“Nel contesto internazionale l’Italia si posiziona come un grande Paese manifatturiero, quinto per surplus commerciale nel mondo e con un potenziale di crescita straordinario. Ma se l’export dal 2001 è cresciuto di oltre 150 miliardi di euro è pur vero che il grado di internazionalizzazione della nostra economia è ancora di 15 punti inferiore a quello della Germania. Sono dati che ci ricordano la necessità di uno sforzo come sistema-Paese per rafforzare la nostra economia”. Lo ha detto in un’intervista all’Agenzia stampa AGI il presidente della Cna, Daniele Vaccarino, analizzando le prospettive delle micro, piccole e medie imprese alla luce della Brexit e di una internazionalizzazione che diventa sempre più decisiva per salvaguardare il tessuto produttivo nazionale. Ma quali strategie privilegiare? “Sull’internazionalizzazione – ha spiegato Vaccarino – è necessario potenziare il piano straordinario per il Made in Italy ponendo particolare attenzione al sostegno alle piccole imprese che in questi anni hanno dimostrato grande dinamismo anche su mercati non tradizionali. Detto questo, riteniamo importante proseguire con il piano di investimenti promozionali negli Usa, un mercato che apprezza in maniera particolare il Made in Italy, come dimostra il significativo +11,2% registrato quest’anno a fine marzo rispetto allo stesso periodo del 2015.
Non mancano comunque le difficoltà, ha proseguito il numero uno della Cna. “L’anno scorso è stato un anno record per le esportazioni italiane. Il 2016 si presenta invece molto piuù difficile, in particolare nei Paesi extra Ue. Le difficoltà stanno colpendo realtà finora immuni dalla crisi. Nel contempo, emergono mercati ad alta potenzialità sui quali è necessario e possibile costruire progetti di medio periodo. Penso, a esempio, all’Iran, Paese dalle grandi potenzialita’ dove si deve lavorare avendo però come orizzonte temporale almeno un biennio”.
Sta di fatto, ha proseguito Vaccarino che in Italia “a differenza degli altri Paesi europei, l’export è guidato dalle Pmi. Tra le imprese manifatturiere esportatrici italiane, 88.952 in tutto, quelle sotto i 50 addetti sono nove su dieci: 79.947 (89,9%).Guardiamo i dati Eurostat. In Germania, le Pmi esportatrici sono 46 mila, il 67% del totale delle manifatturiere nazionali che esportano. Anche se si guardano le micro-imprese sotto i 10 addetti l’Italia mantiene lo stesso vantaggio, con 44.749 aziende esportatrici, a fronte delle 24.209 tedesche.

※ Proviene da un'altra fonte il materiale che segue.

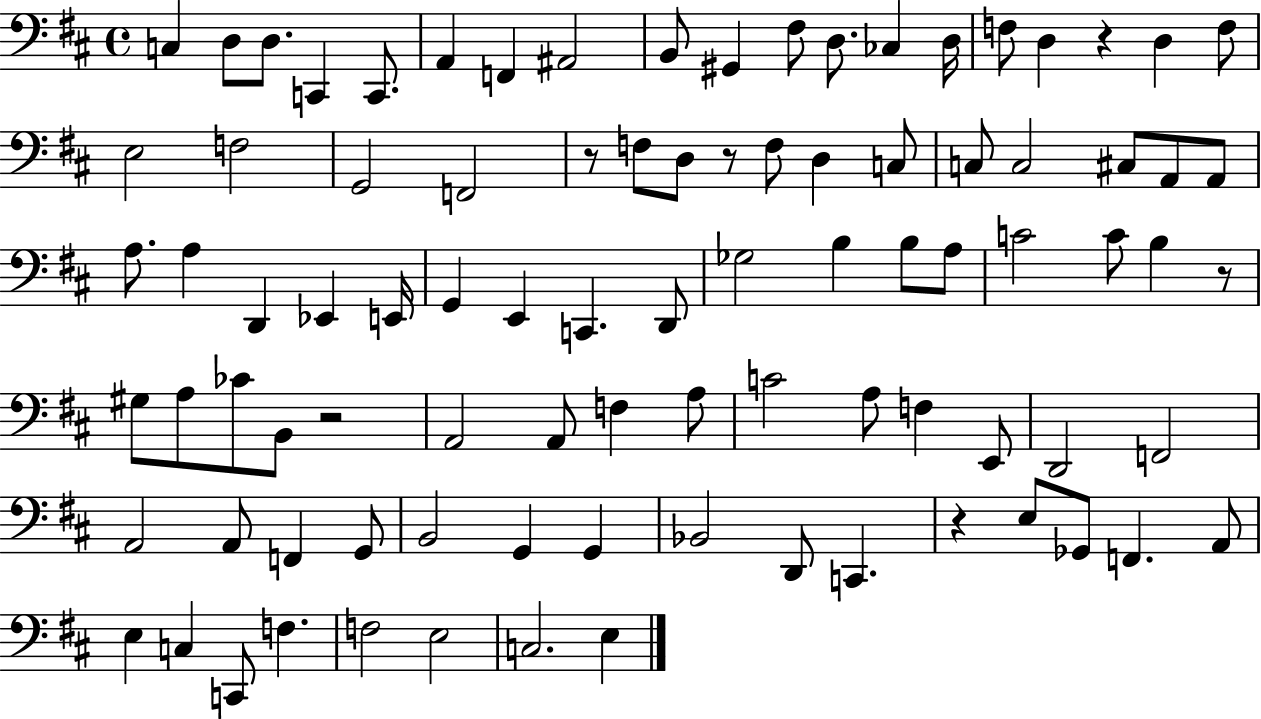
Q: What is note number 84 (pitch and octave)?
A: E3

Le piccole e medie imprese manifatturiere tricolori trainano anche la categoria in Europa: sul totale delle Pmi europee che vendono all’estero i loro prodotti, una su quattro (25,3%) è italiana; quelle tedesche sono il 14,5%; seguono, a distanza, le imprese francesi (7,8%), britanniche (6,9), polacche (6,8%) e spagnole (6,1%)”.

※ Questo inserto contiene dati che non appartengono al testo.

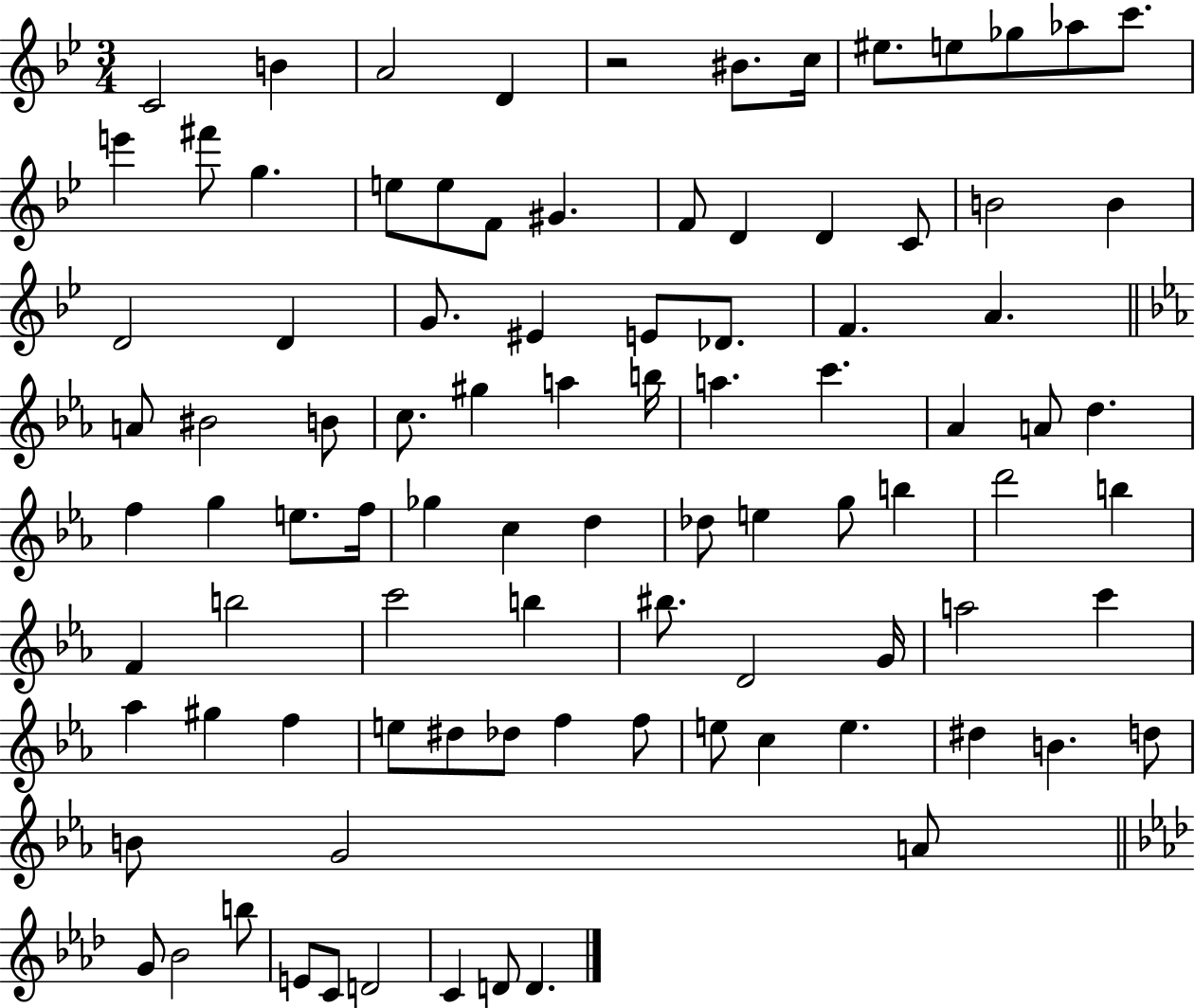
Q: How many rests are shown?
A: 1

Apprezzata dalla Cna è stata quindi l’iniziativa che il ministero dello Sviluppo economico ha lanciato lo scorso anno con il bando nazionale per i temporary export manager. “Auspichiamo – ha detto Vaccarino – che possa essere ripetuta anche quest’anno e possibilmente con una dotazione finanziaria maggiore”. “Già una indagine di Unioncamere di qualche tempo fa aveva messo in evidenza l’esistenza di una vasta platea di altre 70mila imprese potenziali esportatrici. In aggiunta, la crisi, che ha picchiato molto duro, ha ridotto o fatto venir meno il mercato di riferimento per molte imprese, obbligandole a guardare anche all’estero. Ecco quindi che, per la Cna, l’offerta di assistenza commerciale alle imprese, attraverso interventi di consulenza mirati e personalizzati (i temporary export manager), si è rivelata da tempo un efficace strumento per rispondere ad una esigenza – espressa e talvolta latente – di una platea crescente di aziende, che individuano nella funzione commerciale e di presidio dei mercati esteri una delle proprie principali debolezze”.